> What you have to do: Only the stretch below from the line holding "Commercial Litigation Lawyers" through the line holding "Krups Highspeed- Standmixer" should be restated, word for word and with both ends included; pictures stay out.

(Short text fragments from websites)

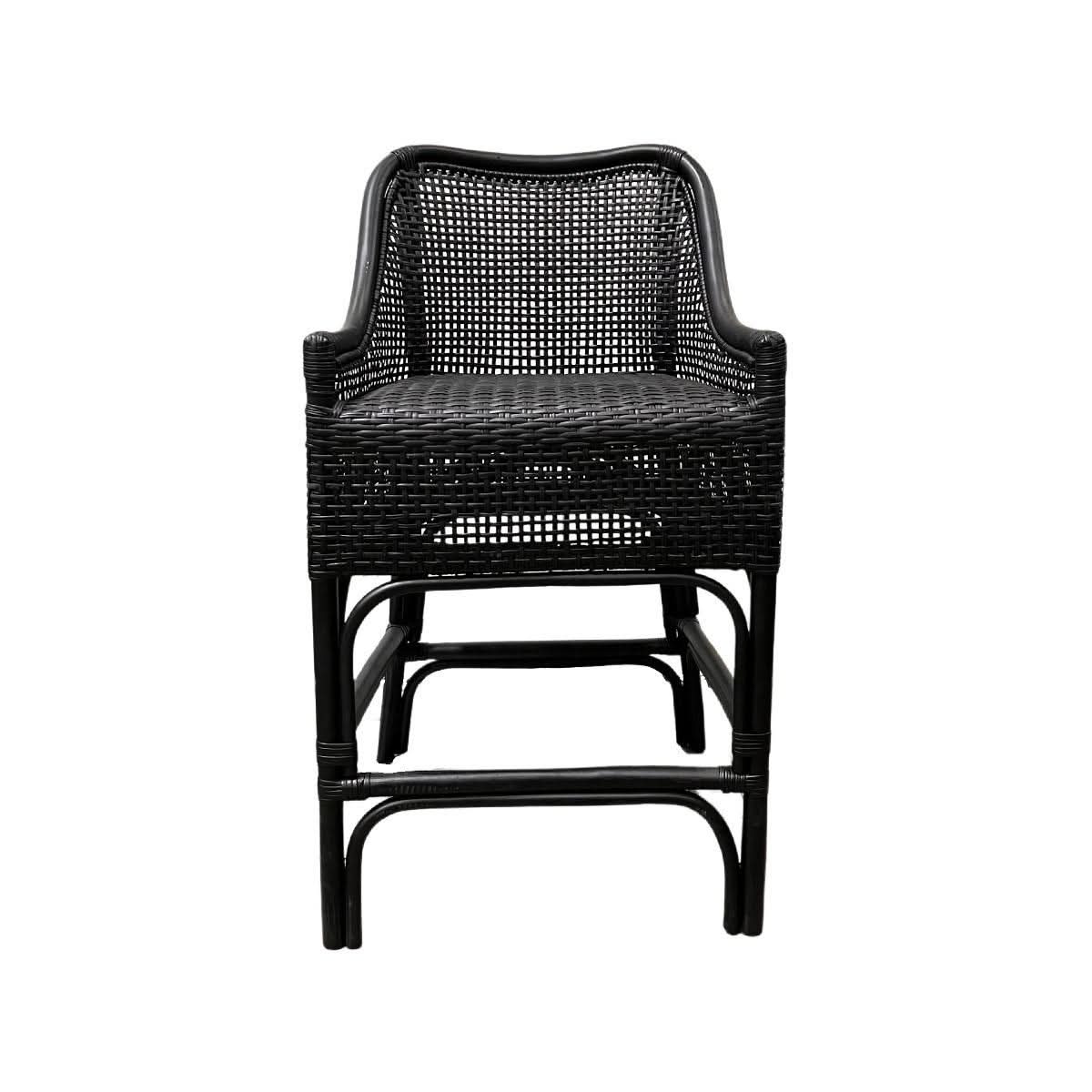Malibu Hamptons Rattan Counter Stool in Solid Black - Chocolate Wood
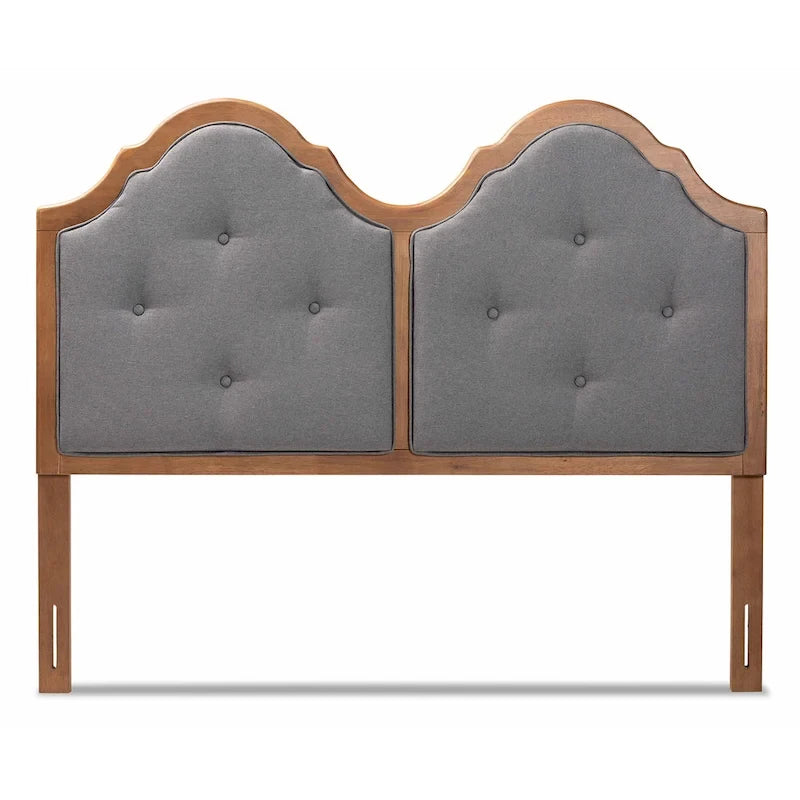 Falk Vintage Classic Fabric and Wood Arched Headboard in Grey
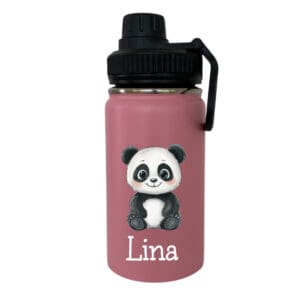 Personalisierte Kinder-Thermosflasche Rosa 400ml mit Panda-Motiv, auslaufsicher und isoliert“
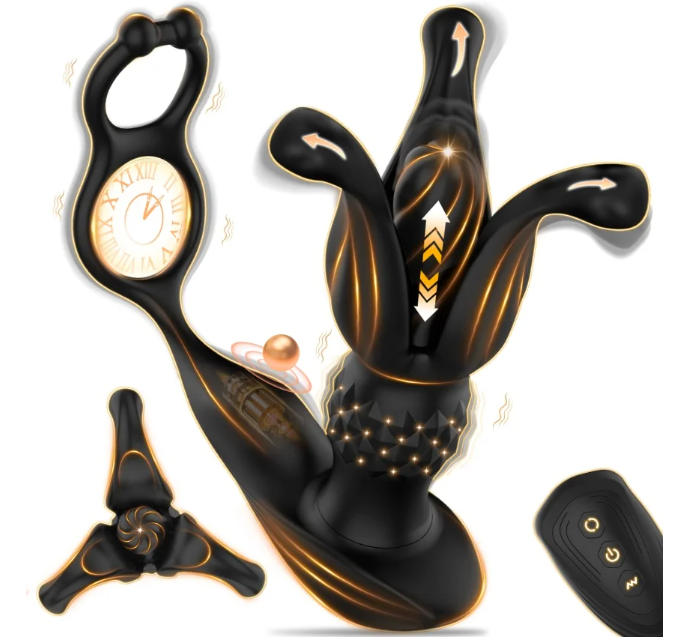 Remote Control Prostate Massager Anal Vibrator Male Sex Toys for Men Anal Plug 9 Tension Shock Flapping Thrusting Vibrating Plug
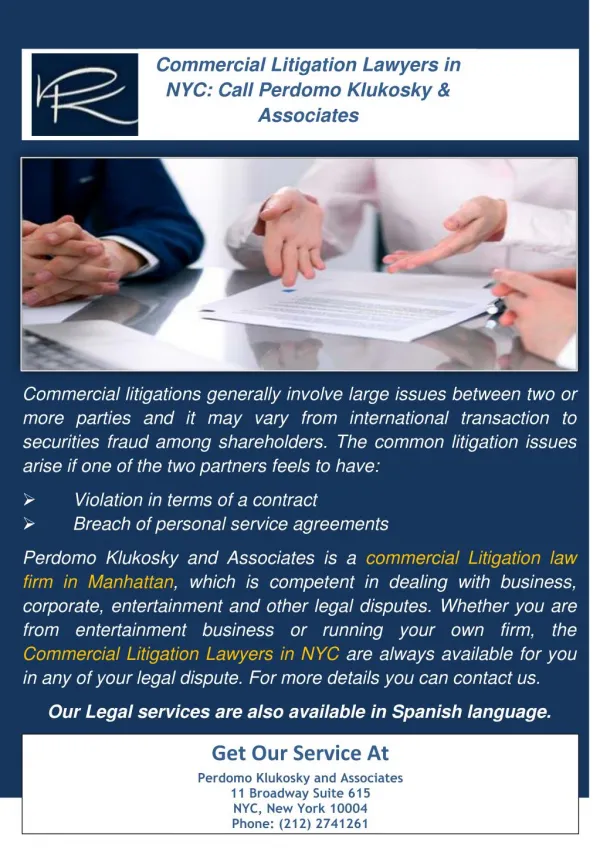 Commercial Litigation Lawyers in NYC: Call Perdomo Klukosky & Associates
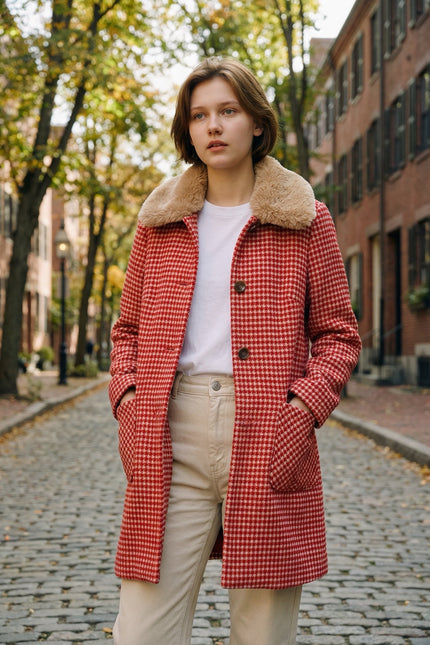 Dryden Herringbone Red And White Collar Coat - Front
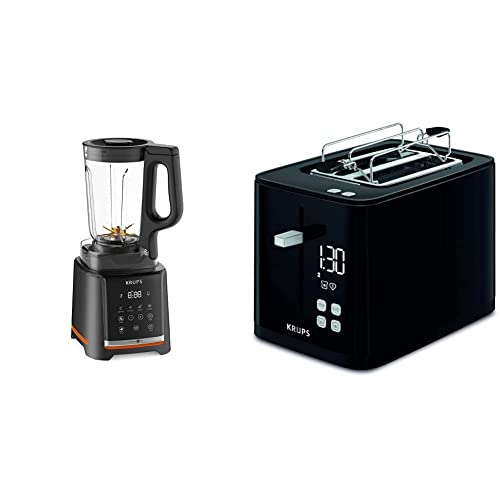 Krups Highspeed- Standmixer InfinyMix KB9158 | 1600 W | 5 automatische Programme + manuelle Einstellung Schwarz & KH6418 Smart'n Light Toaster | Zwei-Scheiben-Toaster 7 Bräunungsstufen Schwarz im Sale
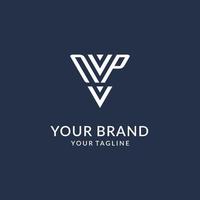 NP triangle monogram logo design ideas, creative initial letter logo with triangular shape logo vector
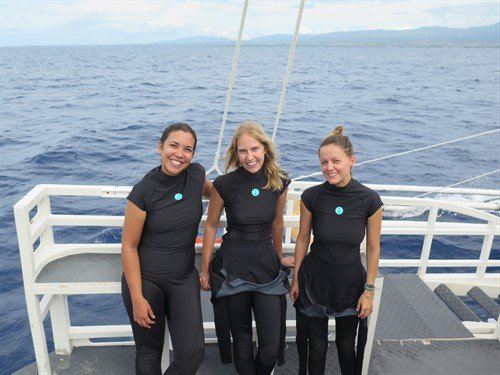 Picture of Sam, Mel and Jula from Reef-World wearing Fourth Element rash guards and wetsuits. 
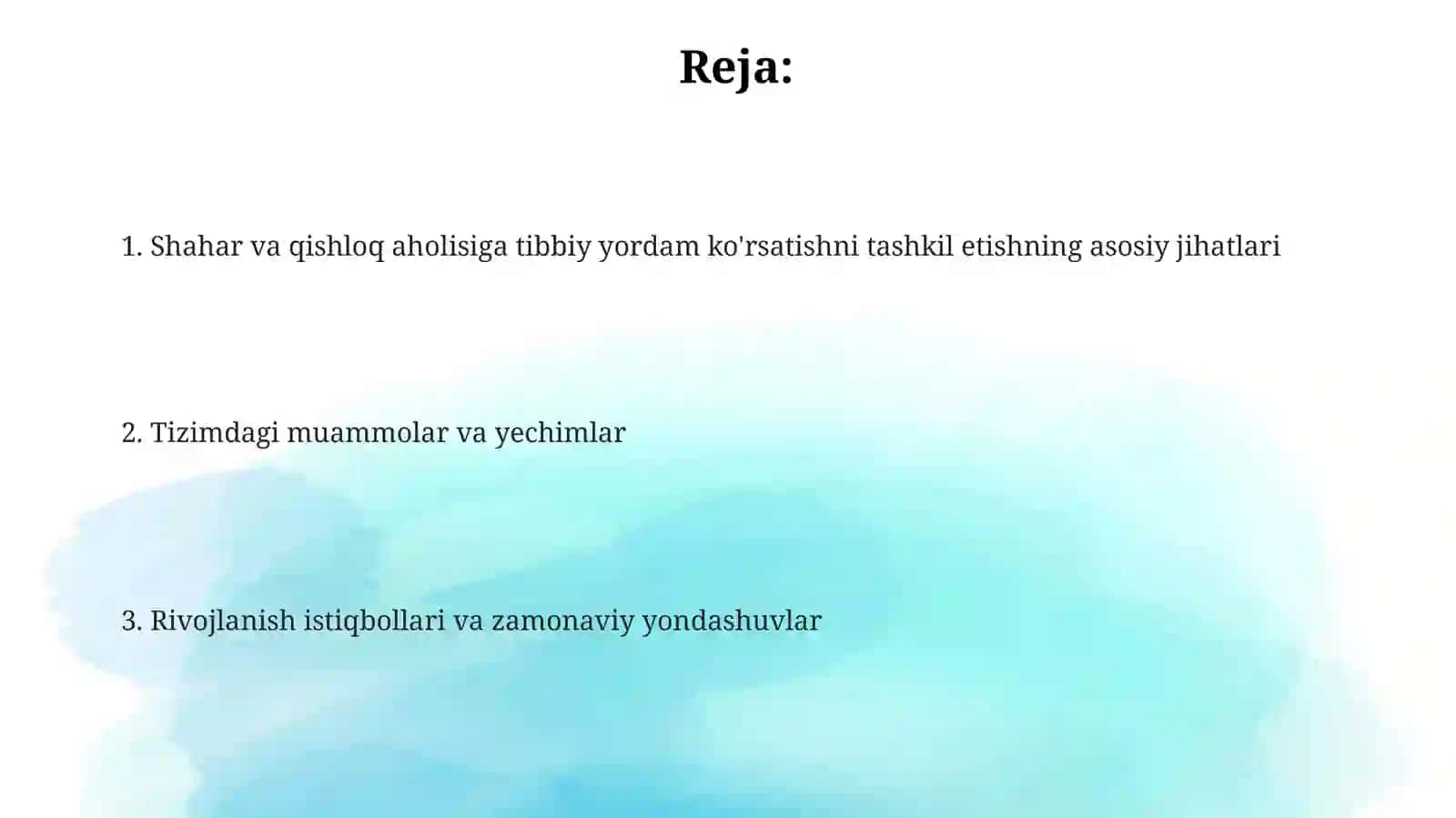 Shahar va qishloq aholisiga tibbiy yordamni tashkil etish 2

> Task result:
 Commercial Litigation Lawyers in NYC: Call Perdomo Klukosky & Associates
 Dryden Herringbone Red And White Collar Coat - Front
 Krups Highspeed- Standmixer InfinyMix KB9158 | 1600 W | 5 automatische Programme + manuelle Einstellung Schwarz & KH6418 Smart'n Light Toaster | Zwei-Scheiben-Toaster 7 Bräunungsstufen Schwarz im Sale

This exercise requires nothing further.